- _WORK INSTRUCTION_:
Give the entries back exactly as they stand, but without pictures.

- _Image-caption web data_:

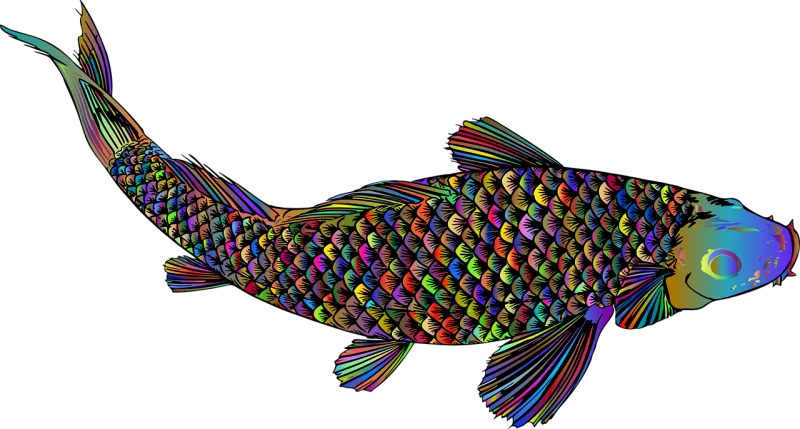 Fish Animal Ocean Stickdatei – Sport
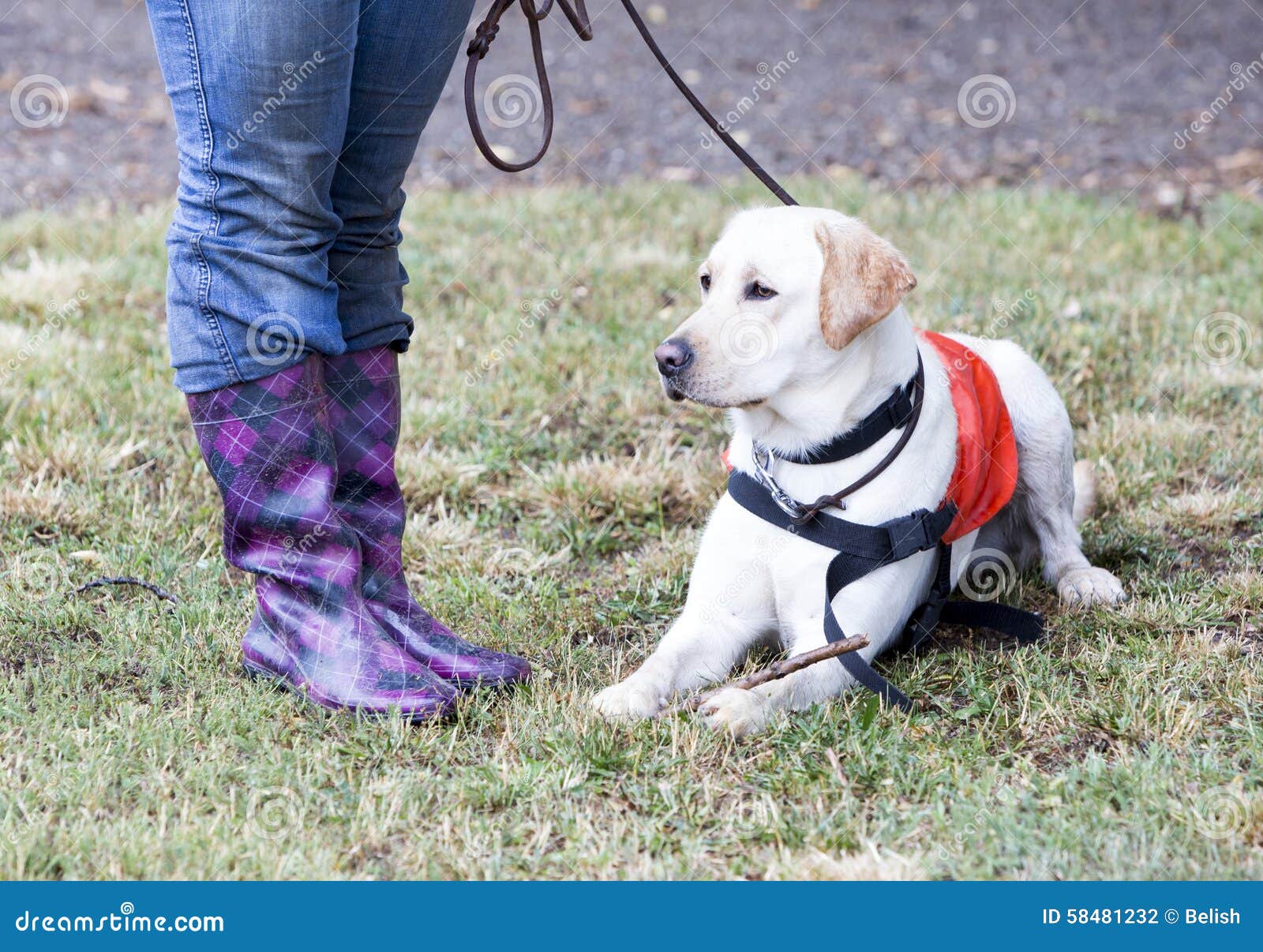 golden retriever guide dogs trainer and labrador retriever guide stock photo image 58481232 golden retriever guide dogs trainer and labrador retriever guide stock photo image 58481232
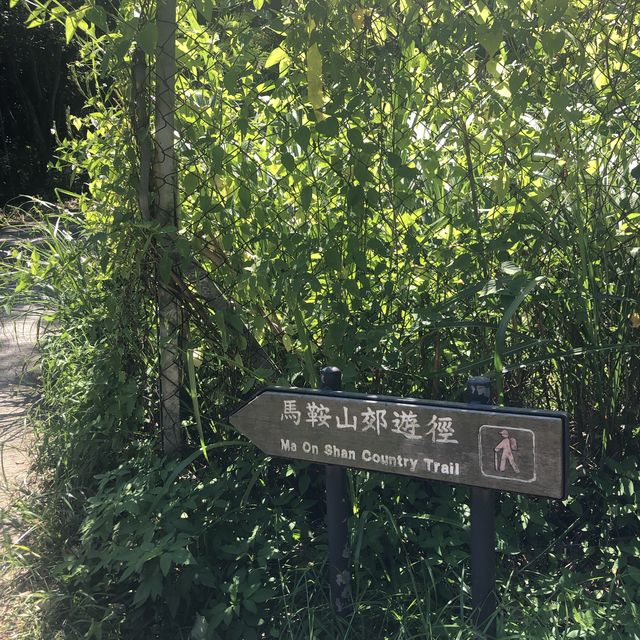 昂坪高原⛰️眺望西貢海景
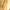 Dourado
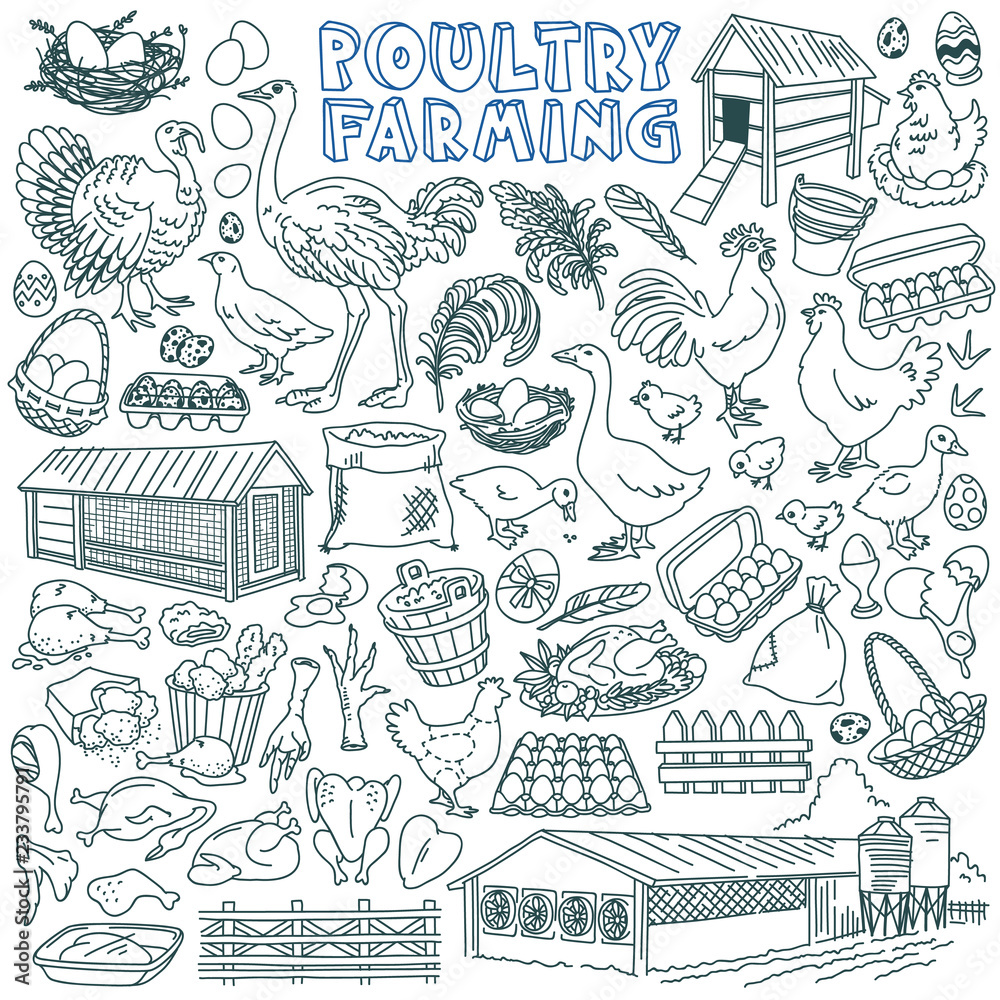 Poultry farming doodle set. Domestic birds and eggs - chicken, goose, duck, quail, turkey, ostrich. Hand drawn vector illustration isolated on white background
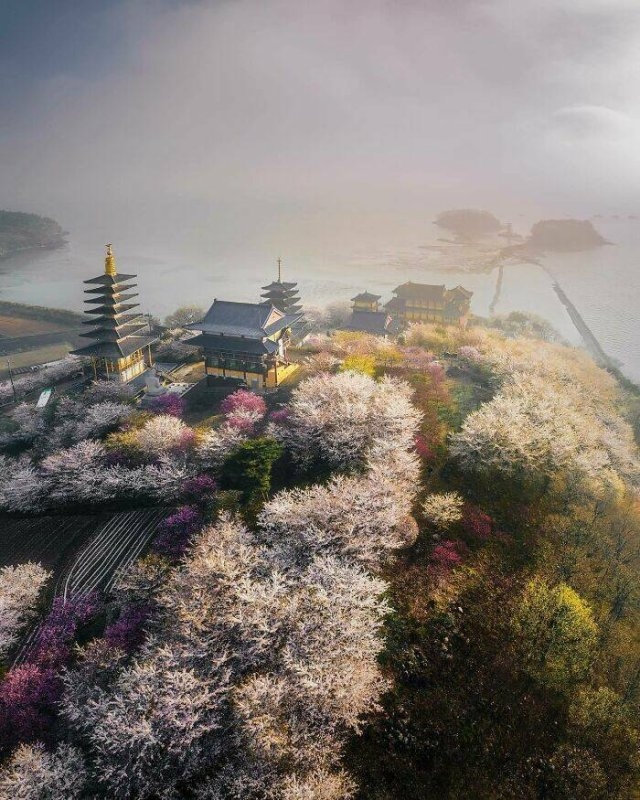 unusualarchitecture15_013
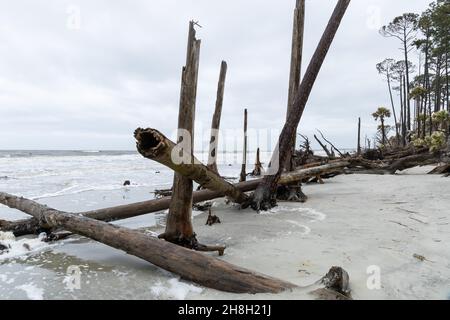 Group of fallen trees at high tide on the coast of Hunting Island, South Carolina, horizontal aspect Stock Photo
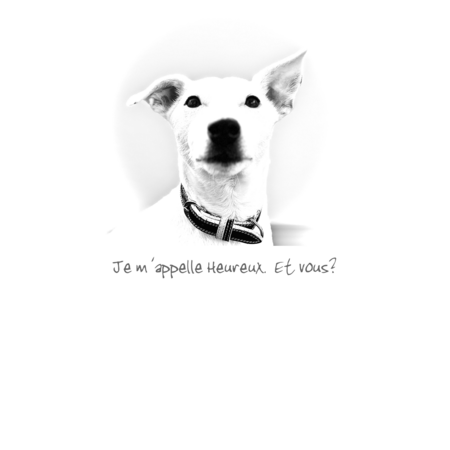 284cec0c b401 4626 b97f e53b7f60e546 s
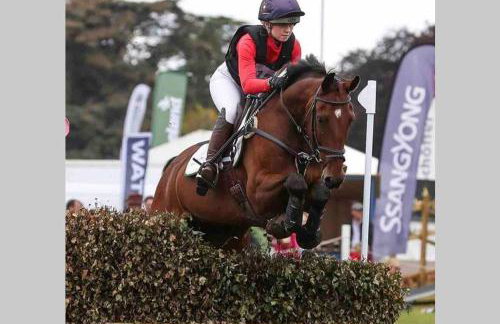 Oxfordshire Living - The Churchill Apartment - Woodstock - Foto 32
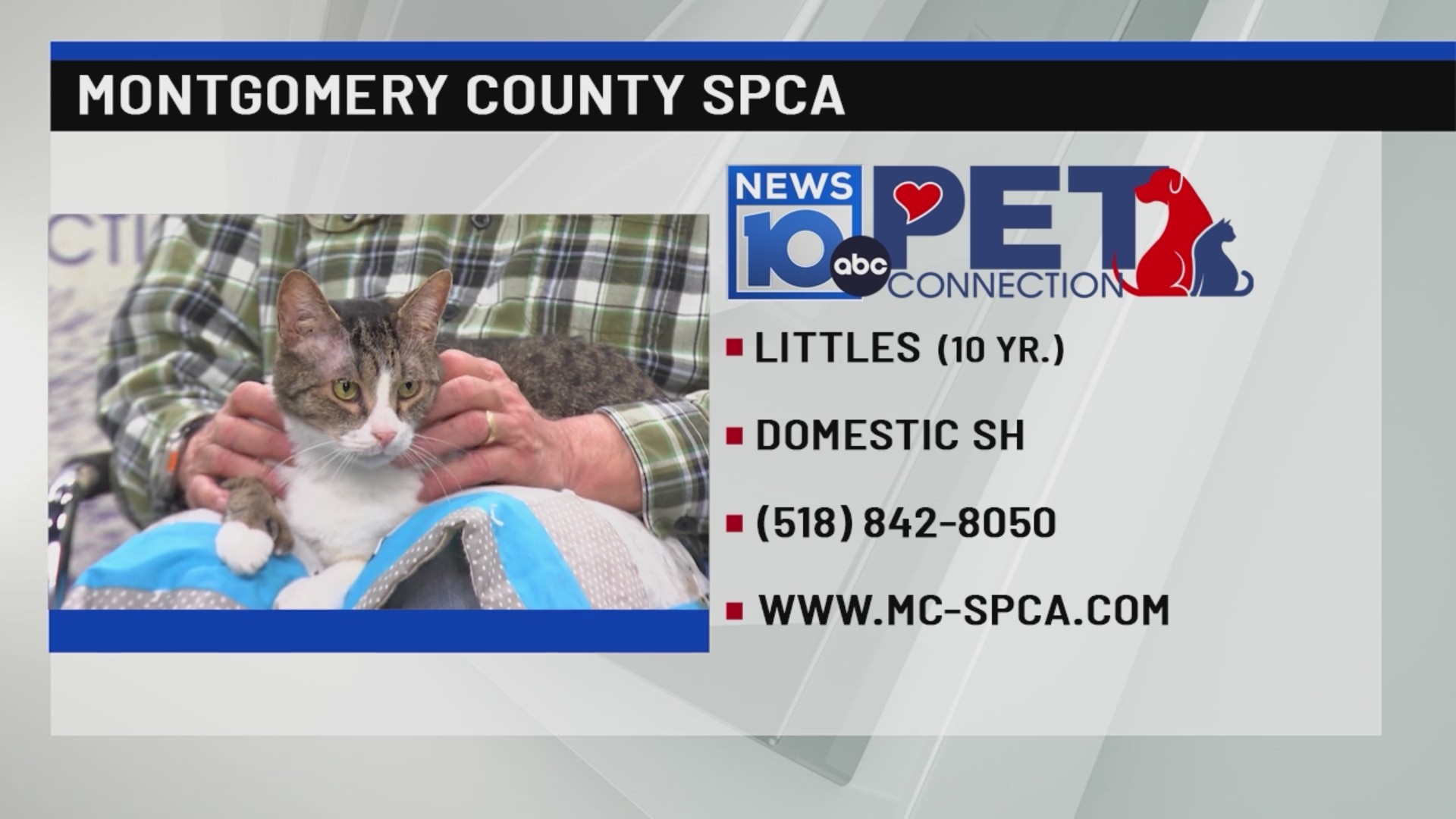 Littles – NEWS10 ABC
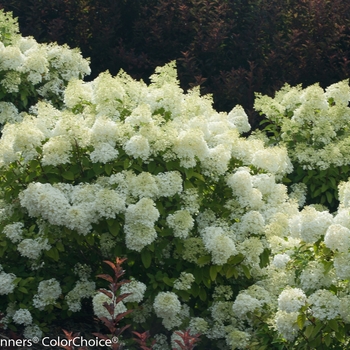 Hydrangea paniculata 'Bobo®' (095415)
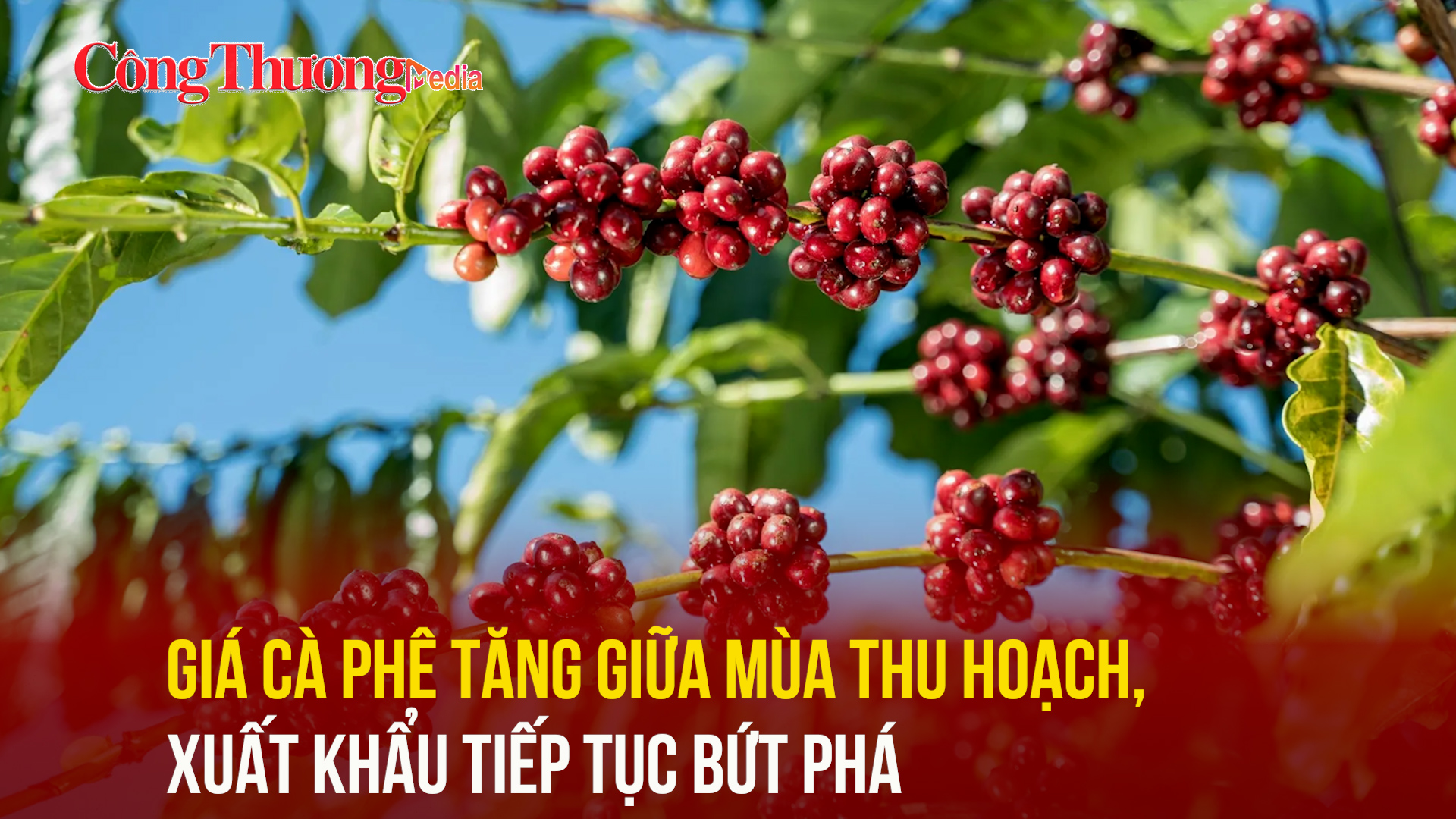 Giá cà phê tăng giữa mùa thu hoạch, xuất khẩu tiếp tục bứt phá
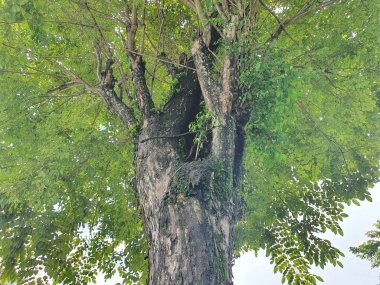 Düşük açılı bir perspektiften çekilen gür ağaç..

- _EXERCISE OUTPUT_:
 Fish Animal Ocean Stickdatei – Sport
 golden retriever guide dogs trainer and labrador retriever guide stock photo image 58481232 golden retriever guide dogs trainer and labrador retriever guide stock photo image 58481232
 昂坪高原⛰️眺望西貢海景
 Dourado
 Poultry farming doodle set. Domestic birds and eggs - chicken, goose, duck, quail, turkey, ostrich. Hand drawn vector illustration isolated on white background
 unusualarchitecture15_013
 Group of fallen trees at high tide on the coast of Hunting Island, South Carolina, horizontal aspect Stock Photo
 284cec0c b401 4626 b97f e53b7f60e546 s
 Oxfordshire Living - The Churchill Apartment - Woodstock - Foto 32
 Littles – NEWS10 ABC
 Hydrangea paniculata 'Bobo®' (095415)
 Giá cà phê tăng giữa mùa thu hoạch, xuất khẩu tiếp tục bứt phá
 Düşük açılı bir perspektiften çekilen gür ağaç..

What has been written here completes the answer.